Os países que não compreendem esta mudança estão a caminhar às cegas para uma nova realidade geopolítica sem se aperceberem. A frente de guerra do século XXI já não se limita a terra, mar, ar ou espaço, mas abrange também o ciberespaço; e a Bitcoin é o seu terreno de batalha.
Deste modo, os primeiros países a criarem uma posição estratégica e a acumular maior quantidade deste território digital escasso irão herdar um poder assimétrico e uma vantagem estratégica duradoura. Os hesitantes irão tornar-se dependentes daqueles que controlam comércio e propriedade no domínio digital, e Portugal não pode ficar para trás.
Força, território e o novo domínio de guerra
Ao longo de milhares de anos, os países lutaram pelo controlo sobre recursos físicos escassos: terras, minerais e energia. Cada domínio de guerra, quer seja, terrestre, marítimo, aéreo ou espacial, ampliou o alcance humano e redefiniu a soberania de cada nação. As primeiras nações a tornarem-se proficientes em cada um destes domínios tornaram-se potências mundiais.
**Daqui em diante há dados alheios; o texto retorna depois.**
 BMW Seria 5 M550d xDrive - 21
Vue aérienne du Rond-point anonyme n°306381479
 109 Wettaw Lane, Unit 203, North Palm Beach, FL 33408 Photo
Foi assim que Portugal criou o primeiro império marítimo verdadeiramente global há cinco séculos.
Atualmente, entramos num novo domínio de guerra: o ciberespaço. Ao contrário dos domínios físicos, este é constituído apenas por informação. Ainda assim, nas últimas décadas a informação tornou-se no recurso mais valioso da humanidade e base do sistema financeiro global, da comunicação e da própria governação. O desafio é que a informação não possui escassez natural ou restrição física e, por isso, pode ser copiada, censurada e falsificada sem qualquer custo, dado que bits de informação são fáceis de produzir. De facto, a ausência de um custo físico associado a ações e movimentos no ciberespaço, tornou-o no domínio mais disputado, explorável e fácil de abusar no planeta.
A Bitcoin altera as regras do jogo. Ao incorporar energia na informação digital, a Bitcoin restaura escassez física e consequências reais no ciberespaço. Cada bloco de informação adicionado à blockchain representa prova de que energia foi utilizada computacionalmente e trabalho foi realizado, o que representa um sinal real imutável e impossível de falsificar de que foi aplicado um esforço real para alterar o registo universal da Bitcoin.
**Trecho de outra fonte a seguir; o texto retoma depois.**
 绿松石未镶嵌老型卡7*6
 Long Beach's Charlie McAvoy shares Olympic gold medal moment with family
Através de Proof-of-work (prova de trabalho), qualquer nação pode projetar potência física no ciberespaço, da mesma forma que o fazem com exércitos, marinhas ou forças aéreas, mas desta vez sem violência cinética.
As implicações deste novo paradigma são enormes: o ciberespaço agora tem um terreno, que pode ser ocupado, defendido e, mais importante ainda, possuído. Assim, Portugal deve deter parte deste terreno de batalha de forma a posicionar-se estrategicamente para um futuro ainda mais digitalizado.
A Bitcoin como território estratégico
Aquilo que o ouro foi ao longo de milénios no tempo dos grandes impérios, é hoje a Bitcoin no tempo das redes digitais: uma forma de propriedade que é escassa, verificável e incorruptível, baseada nas leis da física e matemática e não na política. Mas a Bitcoin é mais do que ouro digital. Bitcoin é um território digital que se expande através da aplicação de energia e potência física.
Quanto mais energia for aplicada e absorvida pela rede, mais valiosa a rede como um todo se torna. Cada Bitcoin representa uma fatia finita deste território global baseado em energia. Possuir Bitcoin é equivalente a ser dono de uma parcela desta rede planetária que não pode ser censurada, invadida ou confiscada sem um custo físico imenso.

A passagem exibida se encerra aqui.